5 out of 5 stars Great   September 10, 2008
I wasn't expecting much at first, but then I couldn't put it down. Great book.


5 out of 5 stars amazing imagination   September 4, 2008
over the top satire. Best I've read since Tom Robbins. It just keeps coming at you.


3 out of 5 stars Not as good as excpected but ok   September 2, 2008
 0 out of 1 found this review helpful

I wanted to read a book like Fight club (which I have never read) but I saw that movie so I bought this instead. I do not regret that since this book had some good sections which was entertaining. However I found it slow and not so captivating as lets say Stephen Kings books. Not even close. It was an ok book would not really recommend it, infact at the end I just wanted the book to be finished already..! I would buy Fight club instead I think it would be better but I don't know =).


2 out of 5 stars Same thing as Fight Club, different premise   August 30, 2008
 0 out of 1 found this review helpful

How disappointed I am to realize only 20 or 30 pages into the book that Survivor is a cookie-cutter version of Fight club with a different premise. Let's look at the basics:

Main character of each, a quirky, nihilistic anti-hero whom you develop an odd sympathy for.
(sort-of) Antagonist -- Tyler Durden/Adam Branson -- character that the protagonist can't live with or without.
"Love" interest - Marla/Fertility, women whose weird personas heavily influence the protagonist's life and the unfolding of events. They, along with the antagonist, force the main character into a strange situation he wouldn't otherwise be in.
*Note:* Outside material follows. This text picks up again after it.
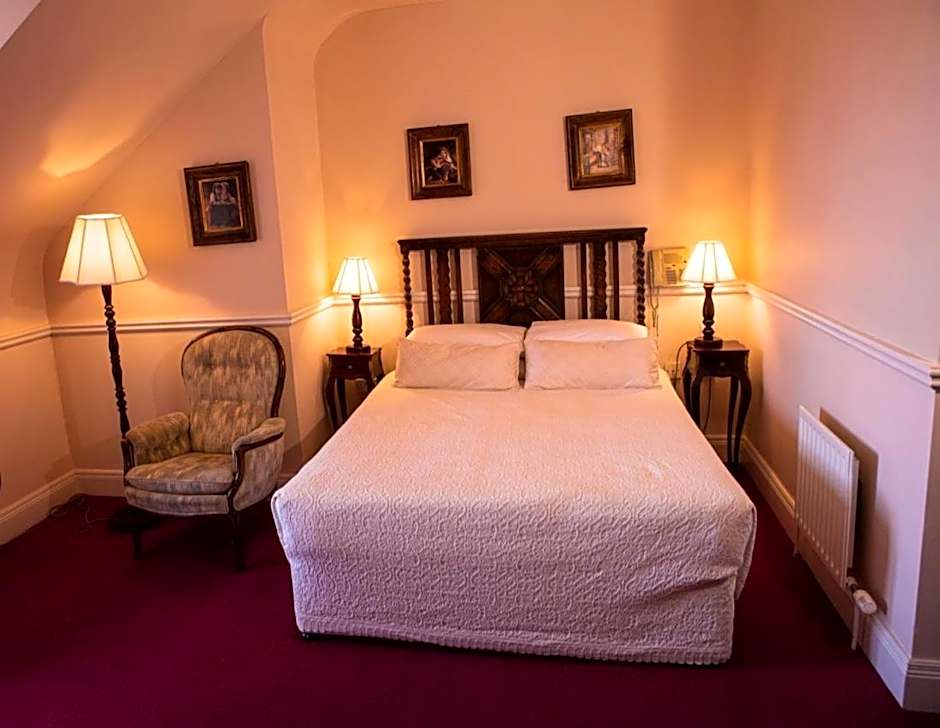 Kilcooly's Country House Hotel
In both Fight Club and Survivor, the protagonist spends an awful amount of time explaining facts on how-to's and other trivial matters. This is what annoyed me the most with Survivor -- Chuck, you already did this extensively in Fight Club. I didn't care when I read about how to thread a film projector (though I just went with the flow) and I certainly don't care how to get blood stains out of a carpet.

Any there's plenty of prose style that's similar between the two. It gets old fast. It get annoying fast.

Enough comparison. Let's talk about the story itself. I think the basic idea is great. But then he throws in a half-baked twist every thirty pages. And these things come in out of nowhere. One minute Tender's a pawn cleaning houses, two (short) chapters later he's the most popular man in the country. Things enter the story almost without precedent. Here, you can really see how he is TRYING too hard. And you will not get a real sense of anything beyond him cleaning the house. I found it hard to believe that Tender was a media mongol. I was reading the words, but I couldn't feel them. And the ending was the most arbitrary I've ever read in a novel. You can tell Chuck was running out of steam. I won't spoil anything about it.

Reading Survivor is like watching an ant colony construct a nest. You look at it from far above and you visualize the overall blueprint and result of everything, but it whizzes by so fast and so removed from your point of view, you can see what the ants built but you didn't experience anything.

I've been told by multiple people that all his books are similar, not in basic story premise but in other smaller characteristics, much like I explained above. I, therefore, will probably never read another of his books because, in the parlance of Palahniuk, they read like Survivor reads like Fight Club reads like... I suggest reading Fight Club and stopping there. You're not missing out on anything beyond that.